I heard stories of their misadventures, of these kittens that basically thought that my mother was their actual mother. It was ludicrous and hilarious. Tiny never taught her kittens how to cover up after they’d done their business, so they’d leave little smelly piles in the sand. At some point the other cats got so exasperated. they started covering up after them. And then they gave up and started just teaching the kittens how to cat themselves. They were actually learning pretty quick, and even started babysitting the other kittens, as they grew older. At least they did, till when we left home, My father took advantage of our absence, and had the kittens abandoned far away from home.
The thing is, with the decreasing number of helpless humans to torture over the last few months, my father has been turning to the cats. At first, he had the older kittens abandoned at our construction site, from where they naturally ran away scared. Then, the ‘training’ of the cats stuck at home began.
First, the cats were being trained to remain in one yard and not step into the other. A normal person would argue that cats can’t be trained that way. But when a cat is trapped in one place, the doors shut on it, and then hosed down with a power hose till she’s fleeing, digging her claws into cement to somehow scale the wall vertically to flee with slamming water, yes- according to my father, now that’s how cats are trained.
It doesn’t matter if one of them falls off the wall into the street and breaks her hind leg, because of this. It doesn’t matter if this cat walks three-legged, dragging her twisted leg and mangled hip behind her. She’s been trained now, and if she tries to come into the yard from the other side, where she doesn’t have to climb, she gets hosed again. And again. And again. Till she goes feral and stops coming, because the household help has more mercy in their hearts than my father, and they started feeding her outside on the sly.
And then the other cats are taught lessons. Till even the cook, the meekest, most soft-spoken woman I know, couldn’t bear to watch anymore and stoutly protested that at least the cats be allowed to run through one door when the hosing begins. Obviously, her opinion doesn’t mean shit. When my father gets his manic attacks, even the help working in the yard got hosed. Why the heck would he care? They’re his servants, after all. It’s not like they’re real people or something.

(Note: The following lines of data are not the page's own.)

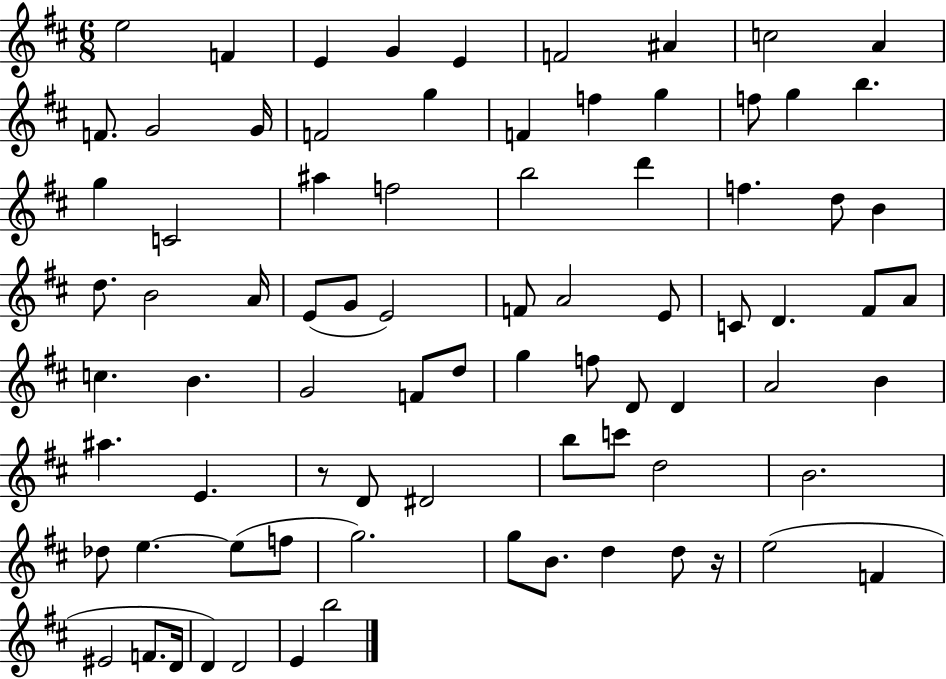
X:1
T:Untitled
M:6/8
L:1/4
K:D
e2 F E G E F2 ^A c2 A F/2 G2 G/4 F2 g F f g f/2 g b g C2 ^a f2 b2 d' f d/2 B d/2 B2 A/4 E/2 G/2 E2 F/2 A2 E/2 C/2 D ^F/2 A/2 c B G2 F/2 d/2 g f/2 D/2 D A2 B ^a E z/2 D/2 ^D2 b/2 c'/2 d2 B2 _d/2 e e/2 f/2 g2 g/2 B/2 d d/2 z/4 e2 F ^E2 F/2 D/4 D D2 E b2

Just like the cats aren’t actual livings beings. Or anything more than a temporary fixation for his cruelty. I’m not at home, he can’t make sure I’m waking up at 4 am anymore, or make me do sit ups at his whim, or monitor my food, or lash out as and when he wants at me. He tried with the watchman, but after two days of being forced to get up at 4 am, the watchman bluntly made it clear that he was going to quit under these conditions. The other household help scurry and tiptoe around his always-impending rage and righteousness, which is exactly the way he likes it. Besides, it’s Corona times. If they quit, he isn’t going to find anyone else to do the housework for him. They’re staying on out of desperation too, because it’s unlikely that they find another job with the way things are. He knows that, and he stops pushing them just before their breaking point. With the cats, he doesn’t need to stop.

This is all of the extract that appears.